Vitalium, Valentine ! (Jean-Charles Fitoussi)

« Le cadavre tousse, c’est bon signe ! »: la meilleure réplique de l’année était cachée là, dans cette nouvelle pièce du Château de hasard qui nous fait retrouver avec bonheur la filmographie ultra-insulaire de Fitoussi, et un personnage qui se retrouve au premier plan après avoir hanté les précédents films. Le professeur Stein, dont le nom planait jusque-là comme une légende (il y a de quoi: c’est, nous dit-on, l’arrière petit fils de Victor Frankenstein) mène ici dans un château de la Drôme une expérience qui rappelle très fort L’Invention de Morel de Bioy Casares: il s’agit de faire revivre les anciens occupants des lieux à travers le corps des actuels châtelains, et rejouer avec eux, sans fin, des scènes d’un autre temps. Frappe dans ce film très court le désir qu’a eu Fitoussi, cette fois, de resserrer son intérêt autour de ce seul argument de série B gothique, plutôt que de le laisser s’envoler dans les volutes d’improvisation narrative auxquelles il nous avait habitué – à l’exception peut-être des Jours où je n’existe pas. C’est d’autant plus réjouissant qu’en s’adonnant aussi frontalement à ce genre, le film libère du même coup une veine burlesque débridée: il est par moments vraiment hilarant. C’est à la fois inattendu et pas tant que ça, tant le cinéma de Fitoussi  semblait, à y repenser, faire en de nombreux endroits des promesses de bédé smart et maboule.

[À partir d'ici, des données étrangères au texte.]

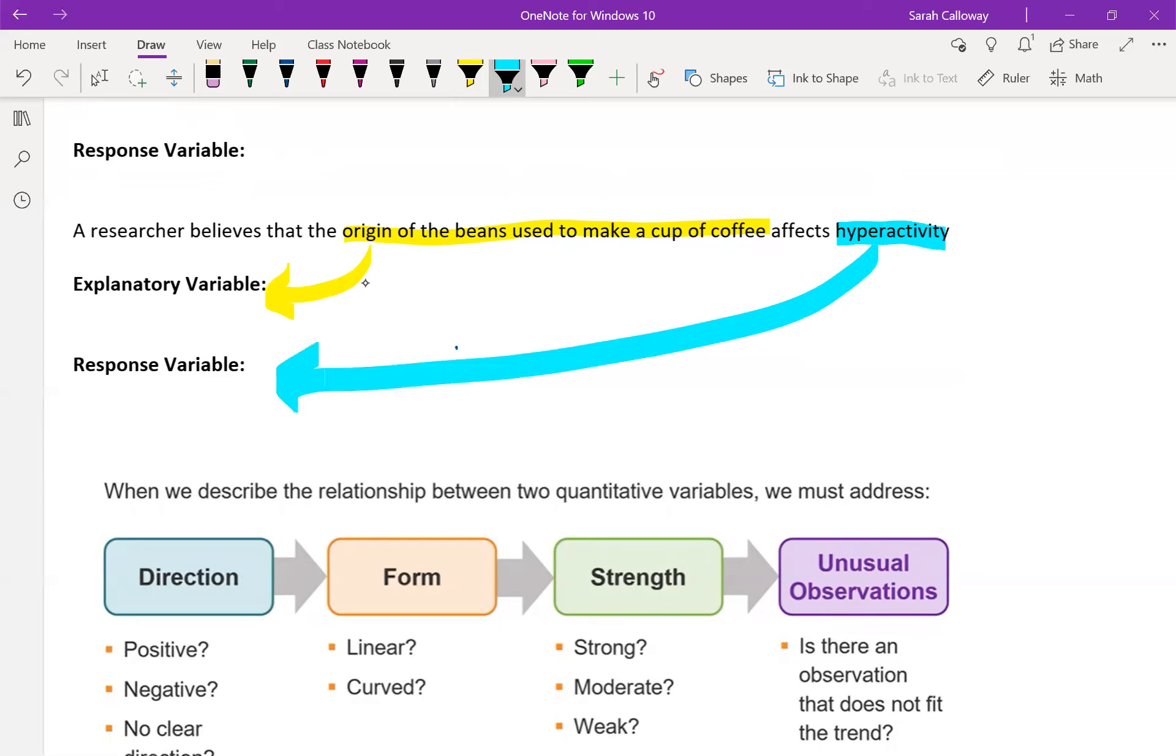The explanatory variable is the x variable. Remember there's a hint that there's an x in explanatory, so that can help you remember that. So then hyperactivity would be the response to drinking that cup of coffee. So that would be our response variable.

Retour à Genoa City (Benoit Grimalt)

Montré (et primé) à la dernière Quinzaine des Réalisateurs, le court métrage de Benoît Grimalt a pour lui un programme parfaitement attachant. En visite chez sa grand-mère et son grand oncle, le réalisateur s’amuse à enquêter sur leur passion d’augustes retraités : Les Feux de l’amour. Tordant lorsqu’il se hasarde à résumer powerpoint à l’appui cet invraisemblable feuilleton (45 saisons, 11 000 épisodes, une avalanche de retournements ubuesques), le film ne manque pas d’afficher des ambitions plus nobles : esquisser, en contrepoint de cette saga familiale grandiloquente, l’histoire plus intime de ses deux aïeux, scotchés chaque jour devant leur poste de télévision. Là-dessus, pas beaucoup de mystère : à travers ce soap interminable, ce frère et cette sœur trouvent quotidiennement de quoi dérober leurs regards à la grande tragédie de leurs existences – leur exil d’Algérie, où ils ne reviendront jamais. Sous le perpétuel ronronnement de la fabrique d’oubli, affleurent donc peu à peu les stigmates d’une vie rongée par un regret muet et tenace, que chacun semble avoir enterré au plus profond de soi. Dommage que la sympathique modestie de la mise en scène finisse pas révéler les limites de l’objet, qui manque d’inspiration au moment précis où il devrait nous bouleverser.